August 12, 2018

After five days of outreach clinics, serving over 900 people of Uganda, the August 2018 Uganda Team enjoyed other aspects of the Uganda culture. We drove to Murchison Falls National Park late Friday afternoon to be able to experience a Safari today.

What a magnificent morning to see the sunrise over the Nile River. It brought to mind God’s promise of faithfulness that His compassion is new every morning (Lamentations 3:23).

The team’s adventure continued thru the national park to observe a variety of animals in their natural habitat. We were able to appreciate the beauty of God’s creation and support the local tourism economy.

As we drove thru the WFNP, I noticed the caravan of Safari vehicles traveling on the road ahead and remembered to be thankful that we are God’s workmanship created in Christ Jesus to do good works, which God prepared in advance for us to do (Ephesians 2:10). As the team gathered to share each night, so many expressed their thanks for this opportunity to serve in Uganda, this opportunity that God prepared in advance for us.

Late Saturday afternoon we returned to Masindi to finalize inventory to prepare for the December 2018 team. Please pray for this team as they prepare to continue to serve in Uganda.


August 10, 2018

We’ve had four long days and we’re feeling a bit fatigued. This may explain my mixed emotions: joy, sadness, love, emptiness, compassion and helplessness.

As we drove to the village, I gazed out the window watching to local people. I began counting the bare feet. Less than 50% of the people were wearing shoes. Adults riding motorcycles and bicycles had bare feet. Women and children wee walking barefoot while carrying water or other supplies in their head. Men and women digging with hoes while barefoot. Children in uniforms were walking to school without shoes. My heart was saddened as I observed the numerous bare feet treading on the dirt and rocks.

I also see the strength and perseverance in the Ugandans. No one appears to be complaining. Then I see joy and contentment as I observe a young girl , about 8 years old, skipping on the road as she approaches her school. And a young boy is smiling and waving as he rides with 2 others on a motorcycle (aka bota bota) to school.

I’m reminded that we must continue to share with God’s people who are in need ( Romans 12:13). I’ve learned so much from the Ugandans: to be content and joyful despite the circumstances around you. I’m inspired to persevere in hope and faith and to be thankful for all of God’s provisions at all times.

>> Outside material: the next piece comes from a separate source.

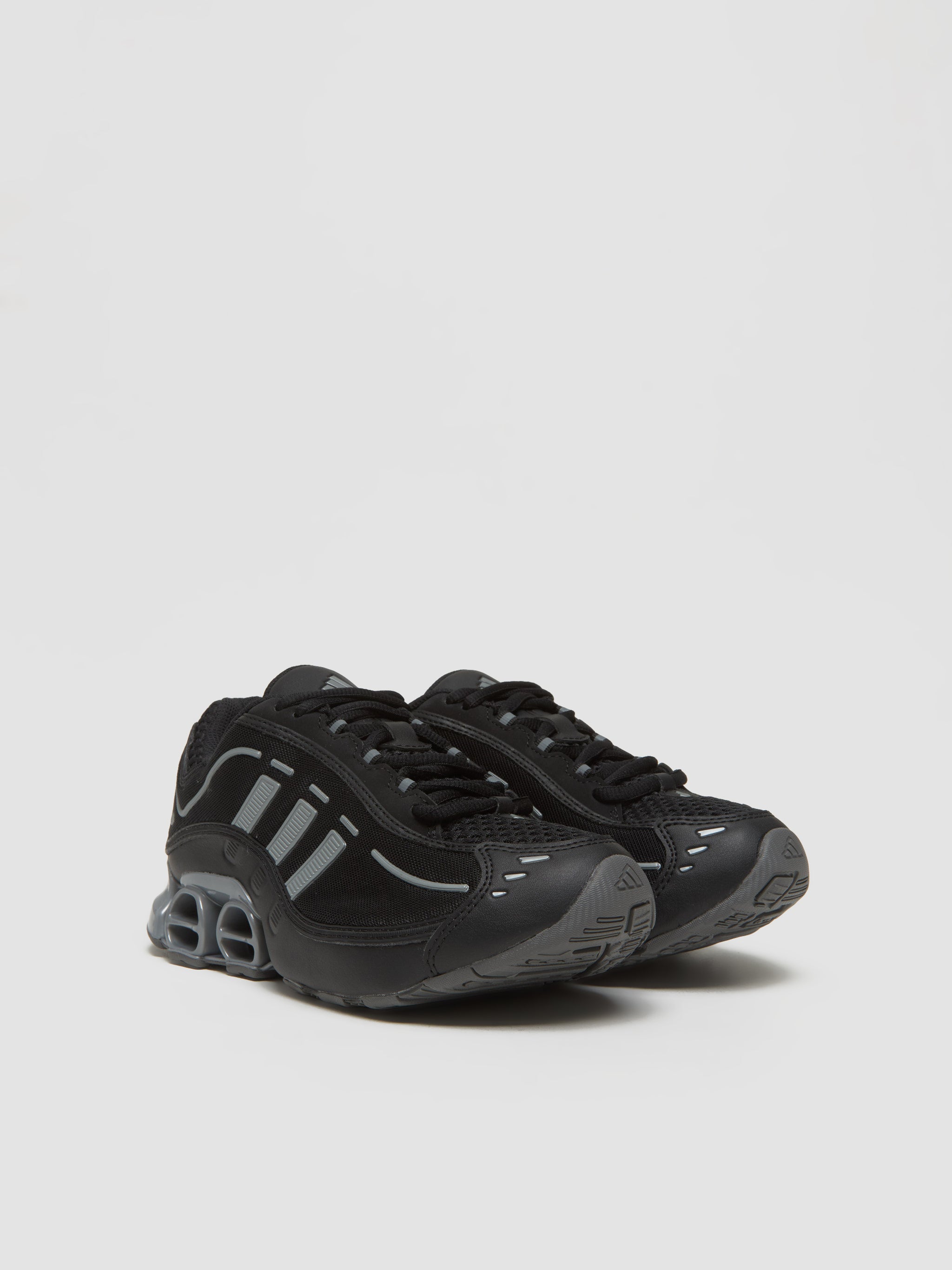 WMNS Megaride 01 Sneaker in Core Black & Grey Four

From the start of the day, both my father and I were fortunate enough to be greeted with the warmest of welcomes at our outreach clinic. The line roared with song and cheers; their gratefulness was overwhelming to say the least. This trip has been an amazing experience for us as a student and a physician, as well as a son and father respectively.

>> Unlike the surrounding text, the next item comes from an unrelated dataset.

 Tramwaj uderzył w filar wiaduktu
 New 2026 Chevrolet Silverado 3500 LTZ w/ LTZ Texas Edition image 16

After unloading and getting ready for the day, I (Patrick, the student) was whisked away to face a challenge I’ve never experienced before: handling a pharmacy. I’m a biochemistry student and have been blessed to learn about many things throughout my life but, alas, pharmacy stuff was not one of them. Thankfully my team was exceptional in teaching me the ropes and by the end of the day I was able to do things I thought were impossible at the beginning. This whole trip has been a reflection of today because I’ve been fortunate enough to be exposed to a wonderful new culture and learn so many things about myself and the world around me. I couldn’t be happier to share this growth with my father and I cannot wait to be back one day to serve others just as we have been doing all week!

This is Patrick’s first trip to Africa but this is my fourth (Dr. Steve). My son was reluctant to come at times due to the fear of the unknown but I knew this experience would be amazing for him. It has been an absolute pleasure to travel with him and show him all the wonderful things here.

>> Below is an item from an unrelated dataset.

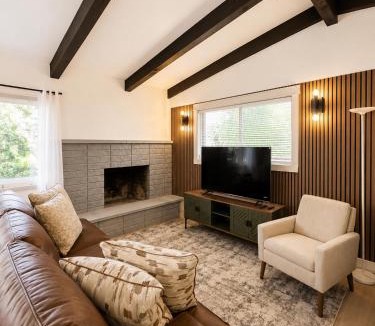 Eagle Point House | Little Butte Creek House - Modern Rustic Retreat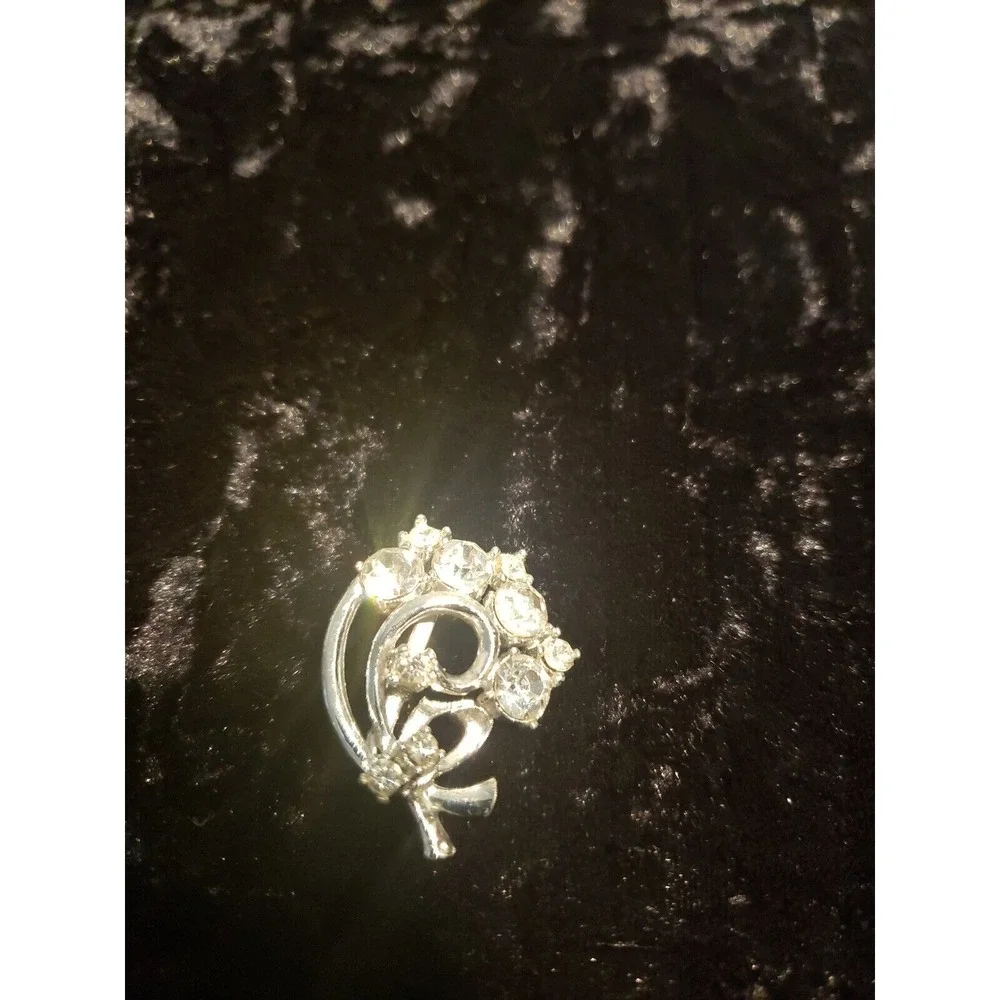 Silver Tone Crystal Rhinestone Brooch Pin Jewelry Costume Ornate Scroll Casual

Today I worked with Ashley, another student on this trip, along with the rest of the providers. We saw twelve cases of malaria, nine cases of Schistosomiasis (all of them my patients), one typhoid and one case of chlamydia. A young boy faced a severe seizure today and will make it to MKMC for another assessment.

All the best to family and friends in Canada and USA from Patrick and Dr. Steve. OnewWorld Health has done an excellent job of keeping us safe and allowing us to serve those in need.